Material for this exercise ->
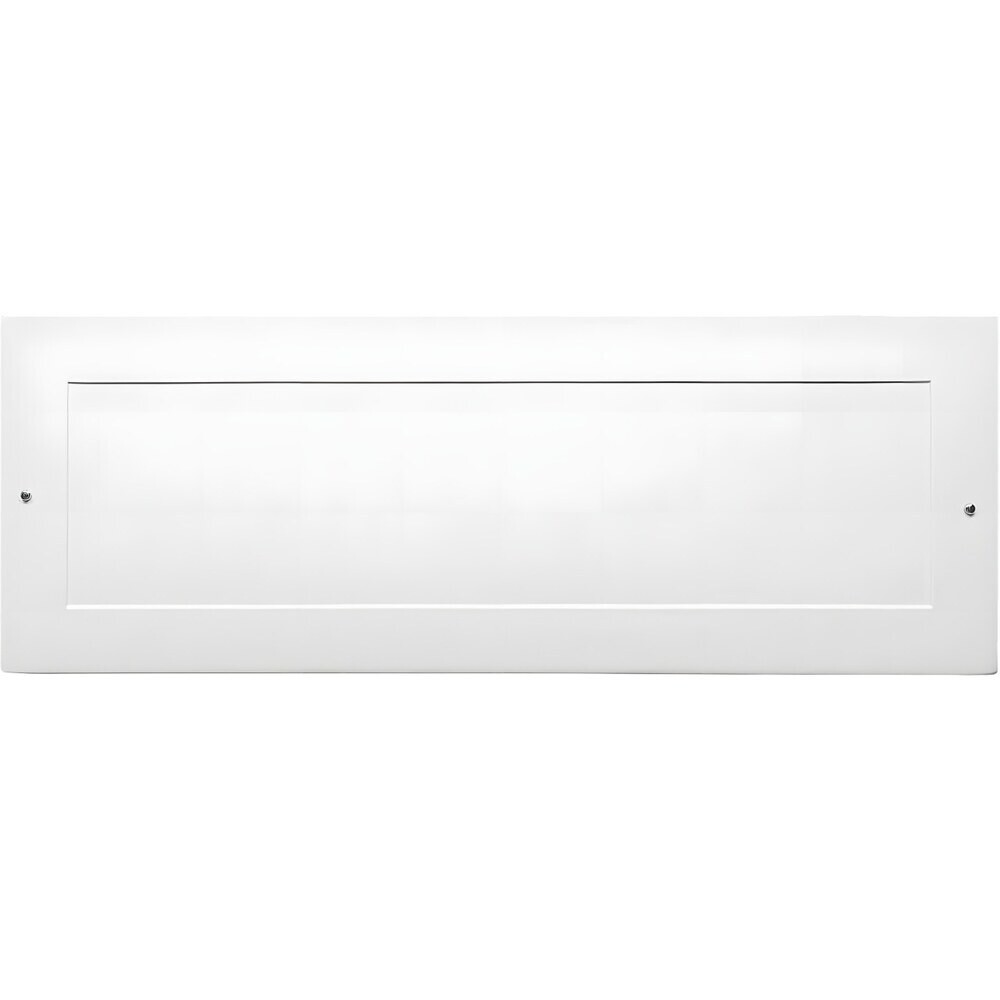 Изображение товара Фронтальная панель для ванны Aquanet West/Nord/Largo 140 см белая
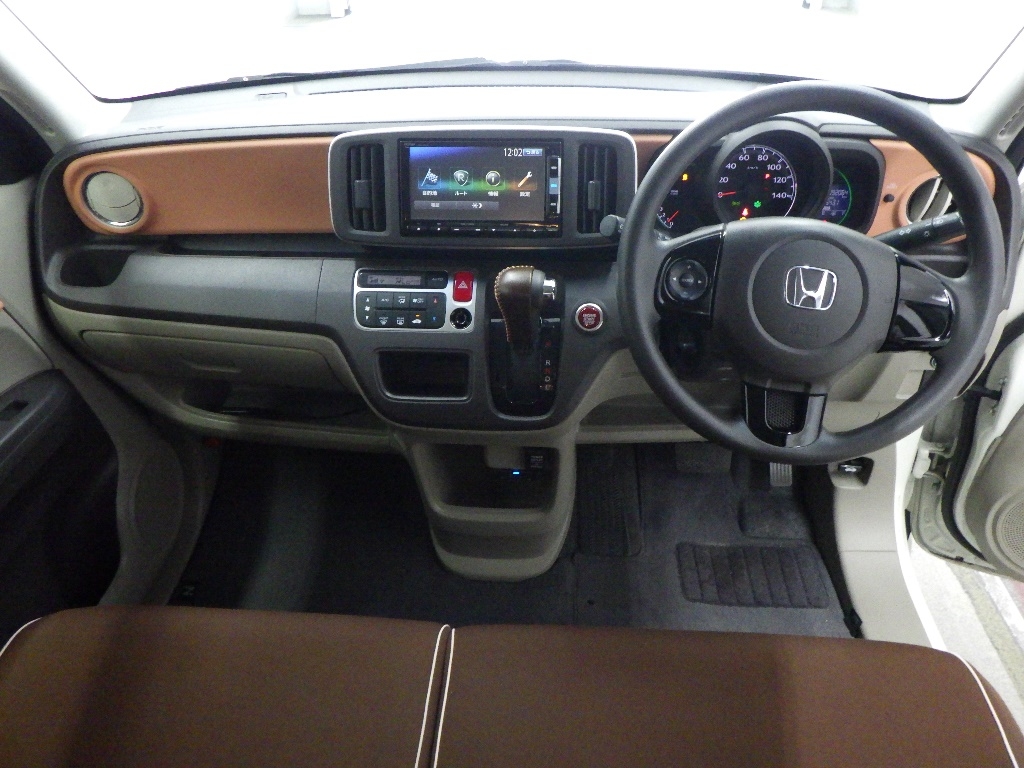 HONDA N-ONE
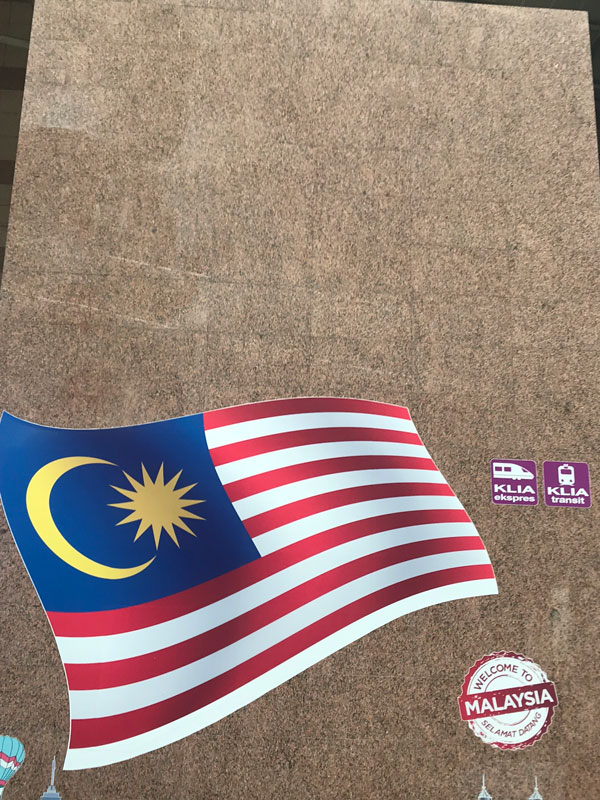 Malaysia - Fun, Peace, and Adventure all rolled into one!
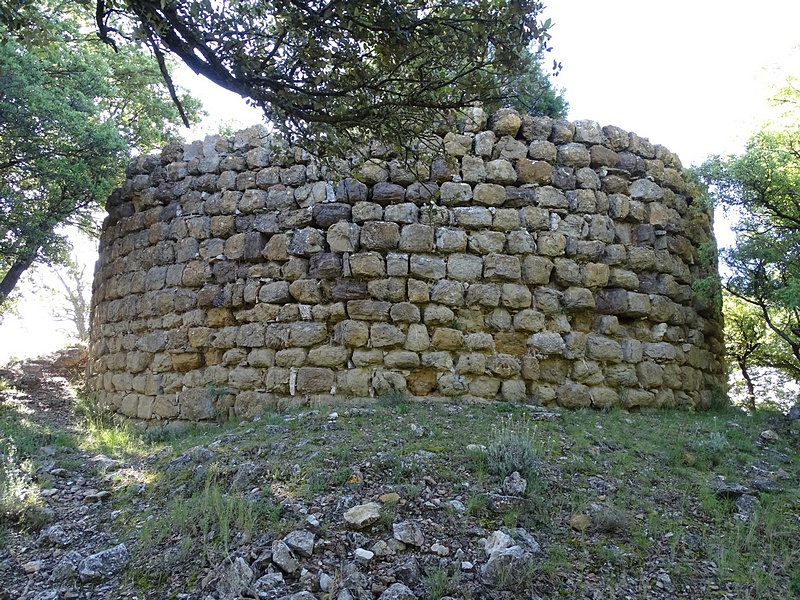 Imagen de Castillo de Meià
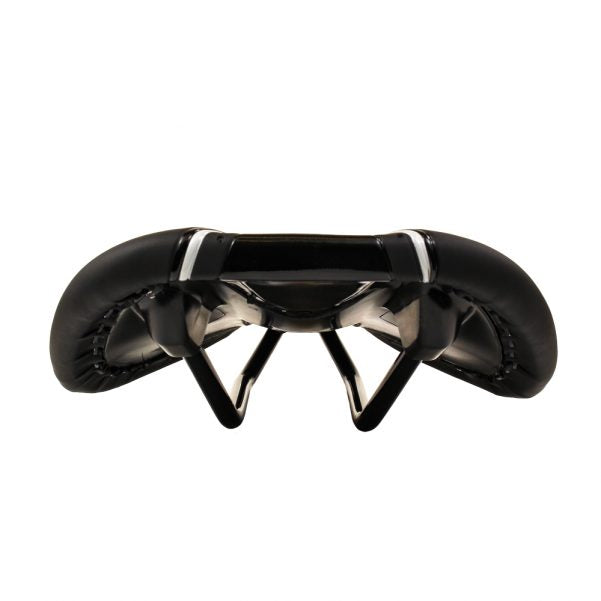 Serfas Spartan 2 Saddle Blk 145mm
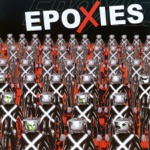 Epoxies - Molded Plastic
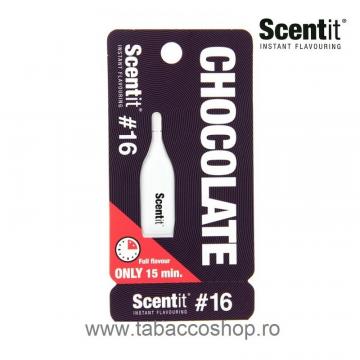Aroma pentru tutun Scentit 16 Ciocolata 1.5ml de la Maferdi Srl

Task item -> Every record above should come back exactly, but without its pictures.

Finished task ->
 Изображение товара Фронтальная панель для ванны Aquanet West/Nord/Largo 140 см белая
 HONDA N-ONE
 Malaysia - Fun, Peace, and Adventure all rolled into one!
 Imagen de Castillo de Meià
 Serfas Spartan 2 Saddle Blk 145mm
 Epoxies - Molded Plastic
Aroma pentru tutun Scentit 16 Ciocolata 1.5ml de la Maferdi Srl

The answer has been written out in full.